The Gulf Coast Conservancy is proud of its role in the expansion of the Nature Coast Greenway and Wildlife Corridor. As a result of acquisitions by federal, state, and local government agencies, more than 75,000 acres have been preserved in Citrus, Hernando, and Pasco counties since 1992.

  • With negotiation by the GCC in 1994, Oak Sound became the Weeki Wachee Preserve when an offer was made for the property by SWFWMD. Six thousand proposed homes and shops became a 7000 acre preserve.
  • The GCC has proposed creation of Aripeka Coastal Greenway, identified member parcels to SWFWMD. Parcels are listed in their 5 year plan. Several parcels have been acquired with GCC serving as facilitator.
  • Two parcels donated to the GCC were transferred to SWFWMD. The GCC proposed the ACG to the Hernando Environmentally Sensitive Lands Program and it was ranked in their Land Acquisition Program.
  • The GCC has proposed parcels in the ACG to the Pasco ESL for acquisition. As a result of GCC facilitation, the 210 acre parcel known as Aripeka Heights was acquired in 2007 and 250 homes were not built in core bear habitat.
  • We are continuing to work to complete the ACG as an extension of the Weeki Wachee Preserve.

Presence in the Community

  • Press articles, radio programs.
  • Partnerships with other organizations, Pascowildlife, Hernando Audubon, Gulf Restoration Network, Defenders of Wildlife.
  • GCC board participation in State Parks Planning, and Environmental and Land Conservation initiatives.
  • Planning Awards from the Sons of Norway, Conservation Group of the Year from the Land Trust Alliance, Florida Greenways Commission Grant.
  • Service on the Interagency Bear Working Group, Hernando Environmental Sensitive Lands Committee, Pasco ELASC, River Task Force, Pasco County Greenways, Trails & Blueways Advisory Committee.
  • Testified before Hernando and Pasco Development Review, Planning and Zoning, and Boards of County Commissioners to insure habitat preservation is considered in land use decisions.
  • Initiated an Ecotourism program for Hernando County.
  • Participation in events: Swampfest, Umatilla Bear Festival, Crystal River National Wildlife Celebration, Crews Lake Earth Day Celebrations.
  • Supported larger sanctuary for manatees in Homosassa in 2001.
  • Educational presentations for civic groups and at yearly public meetings.
  • Chosen by FFWC to Beta Test new software.



GCC members are a common sight at community events throughout the Nature Coast.
Children have no problem understanding that bears are important.

The GCC mascot travels to community events to teach young and old citizens about the Florida black bear.

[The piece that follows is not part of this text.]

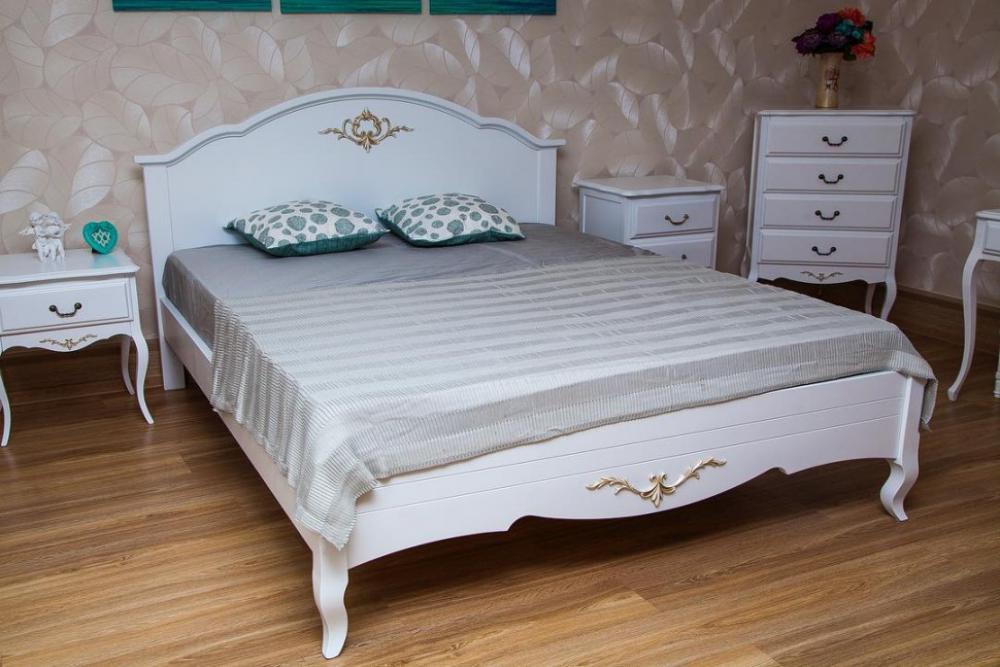 Кровать «Волос» из массива дерева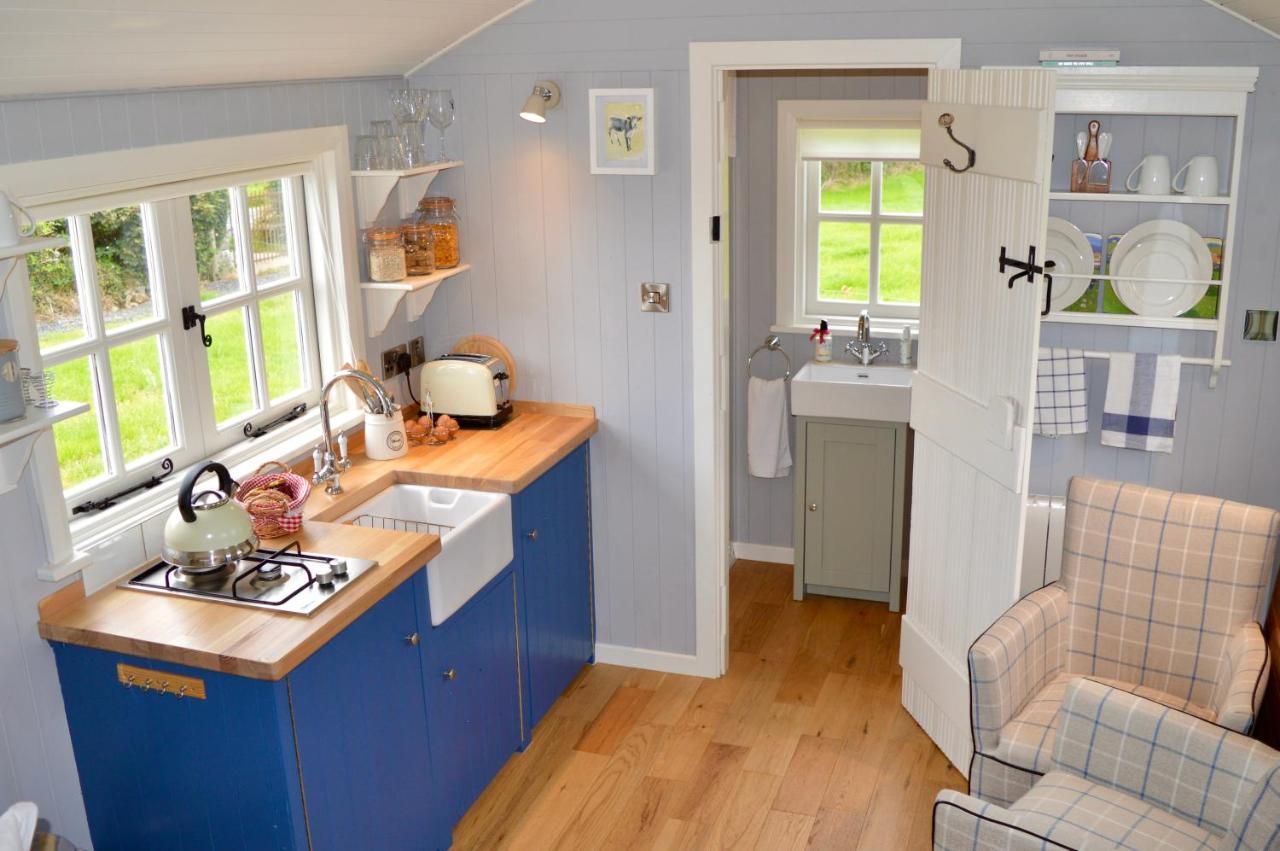 הוילה קאבן Sheelin Huts Blue, Hot-Tub Available From 1St April Until 1St November מראה חיצוני תמונה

GCC Florida Black Bear Hotline

  • The Bear Hotline started in 1995, and resulted in the Bear study by the University of Kentucky funded by SWFWMD.
  • The Bear Hotline continues to collect data on sightings of bears.
  • Worked w/ Hernando County to move the site of a new transfer station to minimize contact with bears.
  • Received permit from FWC to display mounted bear cub at educational events.

Memorial funds for board members Niki Everitt and Linda Pedersen enabled GCC to provide an educational display at the Springs Coast Environmental Center in Hernando County.

Nature Pays

The GCC "Nature Pays" initiative, with resulting brochure, was effective is showing citizens and policy makers the true costs of uncontrolled development.